*Requirement*. Nothing but the lines from the one with "Tiny photo for" through the end of the data should be set down, each exactly as written, and no picture should be included.

"""

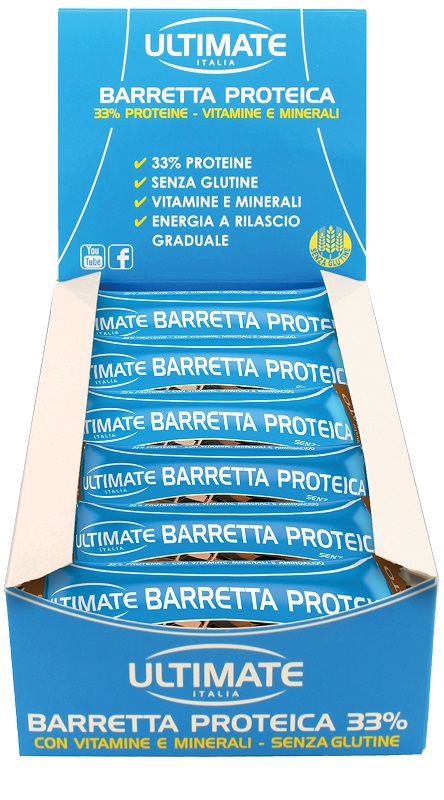 ULTIMATE BARR PROT CIOC 24PZ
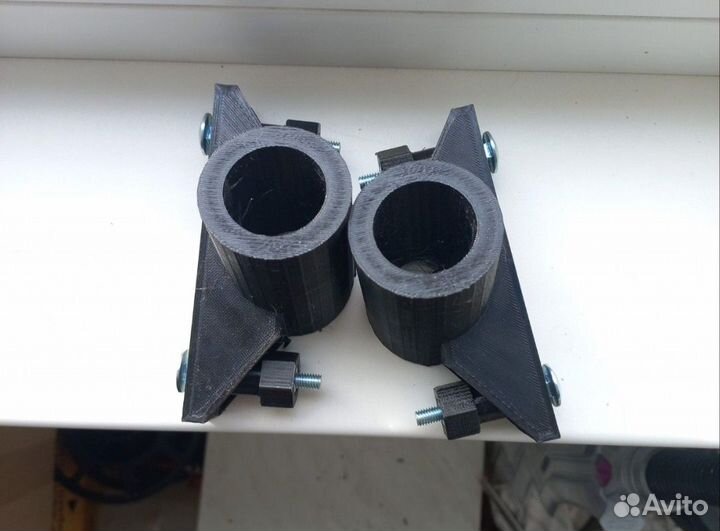 Держатели спиннингов в лодку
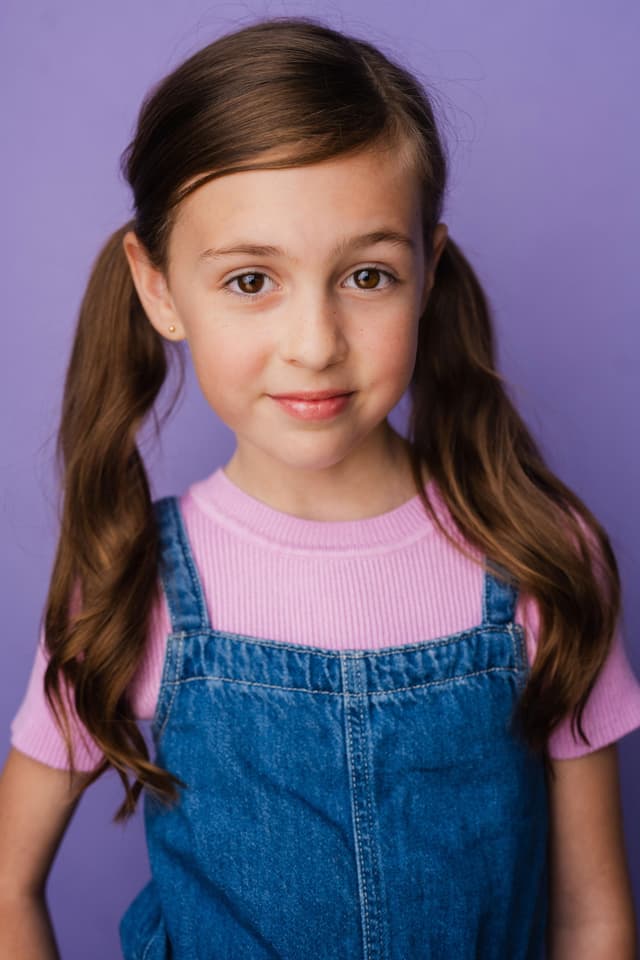 Rosie Darling Tucker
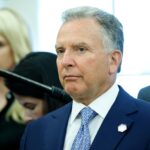Trump Send Witkoff to go to Russia for 'Last Opening' Ukraine Cessefire Speech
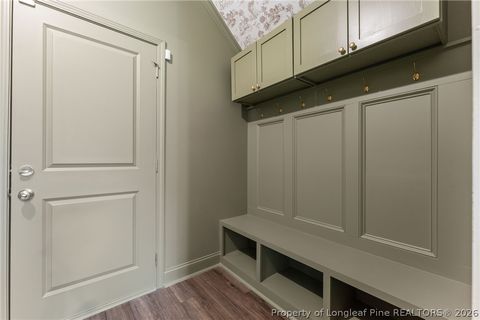 Tiny photo for 181 Turkey Trot Lane, Raeford, NC 28376 (MLS # 758510)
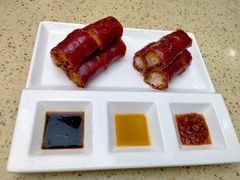 -名点一号·精致茶点·手工制作(宝华店)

"""

*Exercise result*.
 Tiny photo for 181 Turkey Trot Lane, Raeford, NC 28376 (MLS # 758510)
 -名点一号·精致茶点·手工制作(宝华店)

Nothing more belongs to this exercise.